Very nice fabrication job.

I think what it keeps from blowing back out is worth what little it might affect if you actually had to go into a full buckets height of snow.

I notice a little getting blow out on my Troy on the left side and I think it's just the design of the impeller and the fact that it's going to do it due to the air current that the impeller creates. Bucket design and impeller position in it's housing likely play a part in how noticeable it is on a model.


----------



## mswlogo (Dec 22, 2013)

Kiss4aFrog said:


> Very nice fabrication job.
> 
> I think what it keeps from blowing back out is worth what little it might affect if you actually had to go into a full buckets height of snow.


Exactly. The frequency of 8-14" storms compared to 20" or more is like 20 to 1. And if they are that deep I'll usually make a pass halfway through the storm.
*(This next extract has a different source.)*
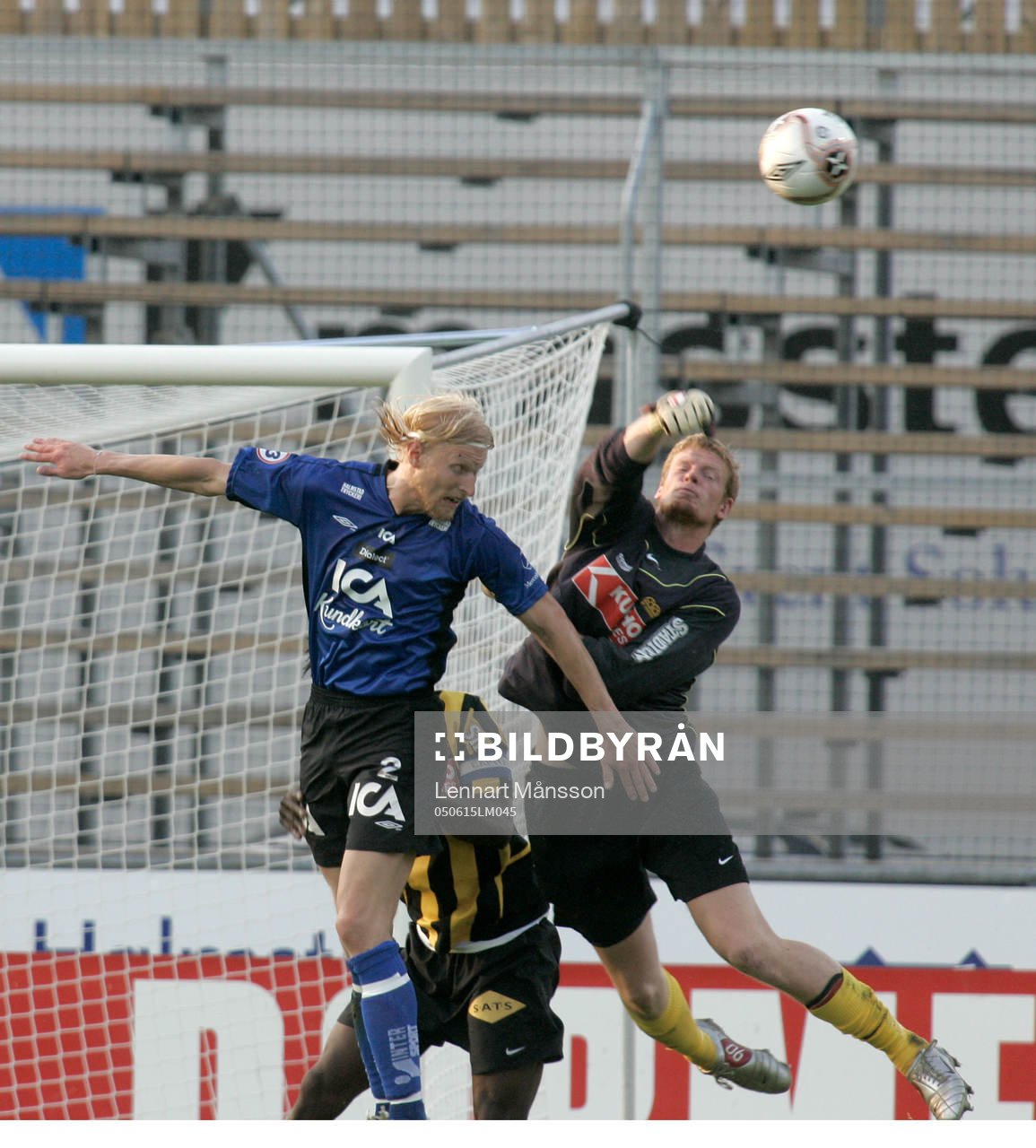 Christoffer Källqvist boxar bort framför Per Johansson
There is room for adjustment, this is just an educated guess right now.


----------



## GMH (Dec 31, 2013)

O.K. I get the idea now! I can see how that could help on a machine with a taller auger housing.


----------



## MnJim (Jan 26, 2014)

Hmmm I have a 28 Deluxe makes me wonder if I could sandwich a piece of conveyor belt between the weight bar and the bucket and allow it to just drape down the back of the weight bar, The weight bar isn't any lower then the rolled lip on the bucket so it shouldn't effect taking a full bucket when required.


----------



## Shryp (Jan 1, 2011)

MnJim said:


> Hmmm I have a 28 Deluxe makes me wonder if I could sandwich a piece of conveyor belt between the weight bar and the bucket and allow it to just drape down the back of the weight bar, The weight bar isn't any lower then the rolled lip on the bucket so it shouldn't effect taking a full bucket when required.


Sounds like a great idea.


----------



## Big Ed (Feb 10, 2013)

mswlogo said:


> It looks pretty factory looking if I do say myself . I hope it works.
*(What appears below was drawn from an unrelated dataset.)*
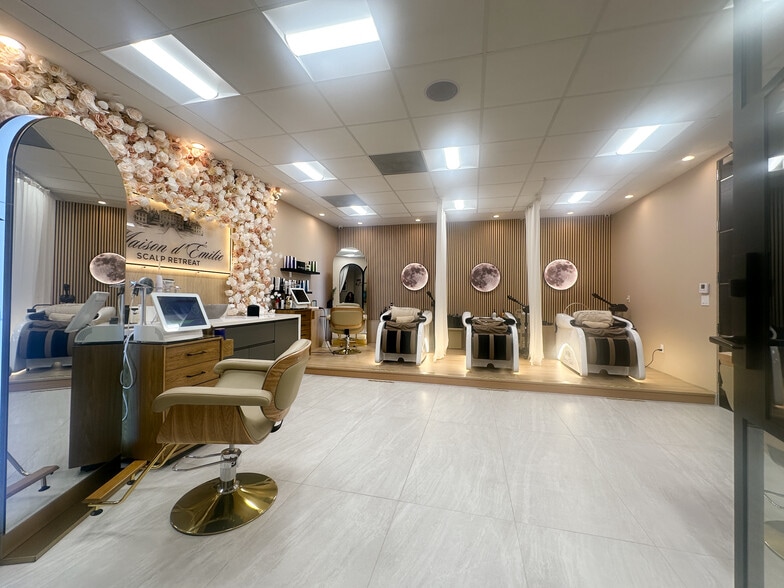 More Photos Of 7225 Melrose Ave, Los Angeles Medical For Lease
It does look nice, good job. 
Your blower looks like you never use it, nice and shiny.(thumbs up)

They keep changing the forecast of this storm!
I hope you get to try it out. 

And we are singing,
Let it snow, let it snow, let it snow.


----------



## mswlogo (Dec 22, 2013)

Big Ed said:


> It does look nice, good job.
> Your blower looks like you never use it, nice and shiny.(thumbs up)
> 
> They keep changing the forecast of this storm!
> ...


I got it this January. Used it maybe 8 times.


----------



## Big Ed (Feb 10, 2013)

mswlogo said:


> I got it this January. Used it maybe 8 times.


Still new then. 

Where about are you, they changed my forecast to rain today.
Though that might mean that we will get a blizzard! 

Have they changed yours?
It looks like they shifted the storm 100 miles or more south now, all depends on your whereabouts.


----------



## mswlogo (Dec 22, 2013)

Not a flake today. Or much in forecast. 

But that's fine by me. Long freaken cold winter.


----------